The only problem is those little plastic spacer things are sandwiched between the two boards so I can’t cut and remove them.
I have a solder sucker somewhere perhaps I can remove the solder that way and see if the pico comes back to life.
If not I can get another for $8 :slight_smile:
I also should have read the instructions twice!
I did notice when I assemble it on the multi pack board or if I stack the screen and the RTC together the reset button on the power shim is completely hidden.
When I turn it around the right way the battery connector will be buried.
Will probably need the reset button more often than a battery change but it will make the battery change more difficult.
All good, thanks for letting me off easy :slight_smile:


Hi David

You may be better off with solder wick.
Cheers Bob


Hey David,

I believe the LiPo Shim handles battery charging so you should be good to leave it plugged in, if you need to unplug If you wanna experiment with batteries I’d check out this part:


Hi Liam,
I couldn’t de-solder the boards in place so i ended up cutting down the middle of them with a hacksaw. now there is a skill i actually have. :slight_smile:

i managed to cut between them without touching either board. I could then remove the remaining pins and solder.
However the Pico is no longer responsive. Either having the power shim on backwards fried it or I simply applied too much heat trying to get them apart.
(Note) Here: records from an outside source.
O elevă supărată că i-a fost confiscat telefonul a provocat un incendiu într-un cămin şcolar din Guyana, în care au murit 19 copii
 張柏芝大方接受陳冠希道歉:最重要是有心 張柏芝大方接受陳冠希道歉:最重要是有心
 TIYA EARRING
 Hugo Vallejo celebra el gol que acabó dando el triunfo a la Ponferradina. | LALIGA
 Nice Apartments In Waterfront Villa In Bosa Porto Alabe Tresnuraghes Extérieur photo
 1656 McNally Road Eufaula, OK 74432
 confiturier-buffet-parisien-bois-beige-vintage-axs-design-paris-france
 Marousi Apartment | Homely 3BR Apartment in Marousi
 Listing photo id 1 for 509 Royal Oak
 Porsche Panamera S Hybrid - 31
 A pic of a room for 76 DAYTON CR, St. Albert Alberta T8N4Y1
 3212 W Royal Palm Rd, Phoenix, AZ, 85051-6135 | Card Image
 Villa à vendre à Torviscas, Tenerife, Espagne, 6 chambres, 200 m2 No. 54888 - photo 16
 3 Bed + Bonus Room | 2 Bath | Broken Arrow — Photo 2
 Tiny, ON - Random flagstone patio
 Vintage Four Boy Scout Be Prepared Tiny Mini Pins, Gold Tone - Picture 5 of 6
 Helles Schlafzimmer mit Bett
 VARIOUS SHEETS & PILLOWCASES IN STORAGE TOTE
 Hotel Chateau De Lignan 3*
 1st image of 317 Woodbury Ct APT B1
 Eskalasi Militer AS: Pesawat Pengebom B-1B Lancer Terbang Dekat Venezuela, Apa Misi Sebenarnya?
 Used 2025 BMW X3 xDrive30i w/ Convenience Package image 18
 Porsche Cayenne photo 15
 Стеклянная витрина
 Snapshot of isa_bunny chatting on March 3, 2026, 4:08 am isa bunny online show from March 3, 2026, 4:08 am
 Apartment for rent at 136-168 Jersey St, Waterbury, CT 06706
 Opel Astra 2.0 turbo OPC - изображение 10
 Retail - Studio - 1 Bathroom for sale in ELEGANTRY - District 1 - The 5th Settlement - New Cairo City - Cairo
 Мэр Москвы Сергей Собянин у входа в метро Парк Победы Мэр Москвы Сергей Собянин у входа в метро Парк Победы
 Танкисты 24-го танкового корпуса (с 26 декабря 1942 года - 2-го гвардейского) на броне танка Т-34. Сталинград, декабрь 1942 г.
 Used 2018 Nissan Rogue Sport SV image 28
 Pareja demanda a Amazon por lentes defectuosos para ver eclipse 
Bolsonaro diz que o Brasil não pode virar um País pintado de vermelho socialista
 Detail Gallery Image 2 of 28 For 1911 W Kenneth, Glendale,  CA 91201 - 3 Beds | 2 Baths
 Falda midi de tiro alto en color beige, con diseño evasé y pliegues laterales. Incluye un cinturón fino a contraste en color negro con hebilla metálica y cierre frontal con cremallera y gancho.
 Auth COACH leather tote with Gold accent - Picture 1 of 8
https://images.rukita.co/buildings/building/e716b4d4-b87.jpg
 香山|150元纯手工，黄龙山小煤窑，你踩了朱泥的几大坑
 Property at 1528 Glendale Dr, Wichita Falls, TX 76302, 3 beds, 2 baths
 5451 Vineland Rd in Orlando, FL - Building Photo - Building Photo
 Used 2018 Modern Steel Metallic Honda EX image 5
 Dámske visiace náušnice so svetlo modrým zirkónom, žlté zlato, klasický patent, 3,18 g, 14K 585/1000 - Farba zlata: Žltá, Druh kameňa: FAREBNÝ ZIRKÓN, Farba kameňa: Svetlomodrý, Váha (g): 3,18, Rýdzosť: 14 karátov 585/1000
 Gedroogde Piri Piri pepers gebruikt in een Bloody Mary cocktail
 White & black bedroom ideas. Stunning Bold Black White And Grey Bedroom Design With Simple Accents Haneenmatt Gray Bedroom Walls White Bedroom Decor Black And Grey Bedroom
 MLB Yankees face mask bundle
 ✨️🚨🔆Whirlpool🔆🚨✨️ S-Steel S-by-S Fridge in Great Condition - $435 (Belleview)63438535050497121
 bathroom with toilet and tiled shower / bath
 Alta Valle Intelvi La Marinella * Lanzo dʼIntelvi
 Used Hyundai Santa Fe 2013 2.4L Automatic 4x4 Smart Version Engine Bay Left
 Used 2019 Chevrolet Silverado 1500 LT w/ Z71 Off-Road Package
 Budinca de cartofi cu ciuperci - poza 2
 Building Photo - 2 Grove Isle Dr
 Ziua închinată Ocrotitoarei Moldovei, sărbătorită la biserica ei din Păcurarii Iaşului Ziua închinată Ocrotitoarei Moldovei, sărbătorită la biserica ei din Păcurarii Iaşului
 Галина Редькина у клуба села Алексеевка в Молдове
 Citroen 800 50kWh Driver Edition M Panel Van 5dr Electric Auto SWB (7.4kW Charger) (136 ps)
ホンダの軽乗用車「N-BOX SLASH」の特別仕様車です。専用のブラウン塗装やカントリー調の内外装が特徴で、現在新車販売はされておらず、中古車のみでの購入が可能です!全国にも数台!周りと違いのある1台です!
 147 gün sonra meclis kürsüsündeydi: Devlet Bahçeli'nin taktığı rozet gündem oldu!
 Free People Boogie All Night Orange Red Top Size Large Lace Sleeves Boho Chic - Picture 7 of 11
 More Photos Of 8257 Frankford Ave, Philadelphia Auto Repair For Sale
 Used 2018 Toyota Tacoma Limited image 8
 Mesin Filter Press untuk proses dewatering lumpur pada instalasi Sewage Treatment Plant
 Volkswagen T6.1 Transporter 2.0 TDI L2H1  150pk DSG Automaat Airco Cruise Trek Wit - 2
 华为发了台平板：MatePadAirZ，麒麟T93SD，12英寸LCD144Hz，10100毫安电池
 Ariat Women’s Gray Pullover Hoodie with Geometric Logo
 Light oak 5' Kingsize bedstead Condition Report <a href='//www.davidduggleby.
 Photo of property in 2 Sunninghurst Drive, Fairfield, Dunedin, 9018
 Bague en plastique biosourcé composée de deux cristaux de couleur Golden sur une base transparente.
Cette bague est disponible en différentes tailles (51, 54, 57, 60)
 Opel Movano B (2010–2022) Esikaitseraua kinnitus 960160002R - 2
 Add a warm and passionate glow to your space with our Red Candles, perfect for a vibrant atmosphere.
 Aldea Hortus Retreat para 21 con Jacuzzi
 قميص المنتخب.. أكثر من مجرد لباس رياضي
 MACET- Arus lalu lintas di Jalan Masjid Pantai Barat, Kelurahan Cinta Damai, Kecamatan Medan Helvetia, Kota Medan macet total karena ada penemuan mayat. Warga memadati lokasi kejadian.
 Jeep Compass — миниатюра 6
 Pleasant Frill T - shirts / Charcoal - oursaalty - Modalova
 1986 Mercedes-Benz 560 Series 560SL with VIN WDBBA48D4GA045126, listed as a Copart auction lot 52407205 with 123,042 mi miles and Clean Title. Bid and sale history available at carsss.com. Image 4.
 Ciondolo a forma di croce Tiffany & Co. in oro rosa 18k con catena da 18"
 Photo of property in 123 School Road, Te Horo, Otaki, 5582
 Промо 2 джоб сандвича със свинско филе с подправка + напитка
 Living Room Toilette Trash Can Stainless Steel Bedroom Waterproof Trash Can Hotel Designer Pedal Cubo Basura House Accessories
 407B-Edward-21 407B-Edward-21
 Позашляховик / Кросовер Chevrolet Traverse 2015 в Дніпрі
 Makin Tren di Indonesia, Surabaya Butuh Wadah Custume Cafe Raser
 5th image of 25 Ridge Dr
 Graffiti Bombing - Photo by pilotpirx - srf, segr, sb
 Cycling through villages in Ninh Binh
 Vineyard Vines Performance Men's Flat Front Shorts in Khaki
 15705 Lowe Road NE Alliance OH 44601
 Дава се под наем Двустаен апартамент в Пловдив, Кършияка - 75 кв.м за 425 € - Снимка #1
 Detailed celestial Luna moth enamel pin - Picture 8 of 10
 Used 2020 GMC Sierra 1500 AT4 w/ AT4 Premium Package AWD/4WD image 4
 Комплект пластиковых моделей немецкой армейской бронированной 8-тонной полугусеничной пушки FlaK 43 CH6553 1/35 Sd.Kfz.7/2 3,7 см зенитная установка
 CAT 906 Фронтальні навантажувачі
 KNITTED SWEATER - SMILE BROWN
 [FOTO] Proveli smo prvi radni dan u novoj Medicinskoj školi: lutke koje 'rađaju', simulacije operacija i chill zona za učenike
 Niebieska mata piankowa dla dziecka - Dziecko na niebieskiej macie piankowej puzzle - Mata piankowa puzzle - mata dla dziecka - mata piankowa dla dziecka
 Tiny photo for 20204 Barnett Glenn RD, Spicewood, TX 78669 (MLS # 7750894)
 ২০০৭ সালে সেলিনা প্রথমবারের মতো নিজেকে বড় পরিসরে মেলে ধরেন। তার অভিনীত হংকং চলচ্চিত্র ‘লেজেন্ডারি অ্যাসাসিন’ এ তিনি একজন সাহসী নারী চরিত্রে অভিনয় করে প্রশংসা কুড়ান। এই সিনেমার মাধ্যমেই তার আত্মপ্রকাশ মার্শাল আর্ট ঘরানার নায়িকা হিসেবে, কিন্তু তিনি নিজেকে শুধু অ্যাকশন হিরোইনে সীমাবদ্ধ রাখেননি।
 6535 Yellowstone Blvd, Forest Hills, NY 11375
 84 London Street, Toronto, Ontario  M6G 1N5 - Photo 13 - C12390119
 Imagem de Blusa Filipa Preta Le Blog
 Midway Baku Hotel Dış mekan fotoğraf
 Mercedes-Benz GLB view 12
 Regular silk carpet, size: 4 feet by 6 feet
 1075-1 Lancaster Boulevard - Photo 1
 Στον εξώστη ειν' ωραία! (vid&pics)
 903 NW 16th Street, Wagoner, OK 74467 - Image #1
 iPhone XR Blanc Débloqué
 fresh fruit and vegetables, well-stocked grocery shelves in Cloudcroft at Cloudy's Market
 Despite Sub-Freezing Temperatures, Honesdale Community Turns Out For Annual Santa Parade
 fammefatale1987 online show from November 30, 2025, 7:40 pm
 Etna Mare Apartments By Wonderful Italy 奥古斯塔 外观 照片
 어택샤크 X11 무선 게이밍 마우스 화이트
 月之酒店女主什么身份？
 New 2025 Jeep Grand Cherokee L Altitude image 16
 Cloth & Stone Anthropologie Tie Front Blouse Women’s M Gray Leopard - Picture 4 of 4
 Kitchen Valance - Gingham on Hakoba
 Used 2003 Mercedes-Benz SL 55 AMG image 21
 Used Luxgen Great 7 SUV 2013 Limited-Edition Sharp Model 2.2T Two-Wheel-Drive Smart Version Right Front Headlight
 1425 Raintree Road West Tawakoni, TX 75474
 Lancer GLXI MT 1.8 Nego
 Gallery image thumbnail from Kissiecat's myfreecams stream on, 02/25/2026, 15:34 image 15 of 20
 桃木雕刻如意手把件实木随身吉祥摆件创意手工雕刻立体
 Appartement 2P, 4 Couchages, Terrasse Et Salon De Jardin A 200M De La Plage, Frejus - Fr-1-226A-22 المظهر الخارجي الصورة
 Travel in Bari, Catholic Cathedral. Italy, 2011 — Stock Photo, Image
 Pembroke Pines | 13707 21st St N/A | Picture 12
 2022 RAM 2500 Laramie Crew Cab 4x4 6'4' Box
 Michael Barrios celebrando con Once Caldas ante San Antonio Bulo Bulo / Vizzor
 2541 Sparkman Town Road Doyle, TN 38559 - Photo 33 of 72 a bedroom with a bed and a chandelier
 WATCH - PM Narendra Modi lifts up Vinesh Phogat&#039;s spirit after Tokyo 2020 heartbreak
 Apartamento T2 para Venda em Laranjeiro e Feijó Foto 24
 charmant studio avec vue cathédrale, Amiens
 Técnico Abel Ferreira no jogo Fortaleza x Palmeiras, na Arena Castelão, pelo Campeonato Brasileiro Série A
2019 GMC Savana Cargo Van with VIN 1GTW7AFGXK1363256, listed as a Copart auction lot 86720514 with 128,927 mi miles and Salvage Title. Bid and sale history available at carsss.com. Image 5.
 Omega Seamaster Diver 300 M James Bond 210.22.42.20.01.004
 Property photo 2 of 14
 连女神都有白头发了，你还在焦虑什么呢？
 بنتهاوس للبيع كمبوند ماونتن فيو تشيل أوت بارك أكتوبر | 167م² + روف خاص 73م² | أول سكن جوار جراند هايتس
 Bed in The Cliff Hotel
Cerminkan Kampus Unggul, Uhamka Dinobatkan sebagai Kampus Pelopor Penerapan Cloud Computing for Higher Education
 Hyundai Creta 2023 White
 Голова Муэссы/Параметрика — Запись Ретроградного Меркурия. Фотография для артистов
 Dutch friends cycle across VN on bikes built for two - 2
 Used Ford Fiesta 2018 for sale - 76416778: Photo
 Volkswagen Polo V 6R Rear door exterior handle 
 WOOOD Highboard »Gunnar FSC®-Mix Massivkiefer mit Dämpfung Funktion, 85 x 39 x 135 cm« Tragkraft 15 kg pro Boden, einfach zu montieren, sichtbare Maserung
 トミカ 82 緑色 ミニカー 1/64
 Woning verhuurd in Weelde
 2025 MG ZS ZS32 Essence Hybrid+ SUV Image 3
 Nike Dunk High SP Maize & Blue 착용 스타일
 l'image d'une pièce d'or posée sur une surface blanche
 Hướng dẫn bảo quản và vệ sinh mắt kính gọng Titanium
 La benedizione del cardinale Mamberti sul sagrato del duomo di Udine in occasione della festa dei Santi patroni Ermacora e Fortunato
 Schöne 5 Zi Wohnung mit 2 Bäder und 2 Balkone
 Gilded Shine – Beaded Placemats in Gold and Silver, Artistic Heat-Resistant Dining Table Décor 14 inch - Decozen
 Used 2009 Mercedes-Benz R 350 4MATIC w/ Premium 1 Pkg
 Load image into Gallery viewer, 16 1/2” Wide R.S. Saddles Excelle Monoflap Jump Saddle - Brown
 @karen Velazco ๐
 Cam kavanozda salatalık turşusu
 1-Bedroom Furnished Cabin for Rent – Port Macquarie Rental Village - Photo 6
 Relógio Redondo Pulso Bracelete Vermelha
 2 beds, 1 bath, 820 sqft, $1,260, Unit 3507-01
I’m guessing it was the heat.
I’ll order another one of each and continue once they arrive.
You are correct to say its a learning experience.
De-soldering isn’t much fun :slight_smile:


Hi David,

I’ve gotten a few Pico’s quite hot, I’d say the chip itself was electrically fried from some voltage being injected that wasn’t meant to be there, if you have a DMM I’d check out the LiPo Shim, still might work.

That’s some absolutely incredible hacksaw skills, very tight tolerances and materials with varying hardness.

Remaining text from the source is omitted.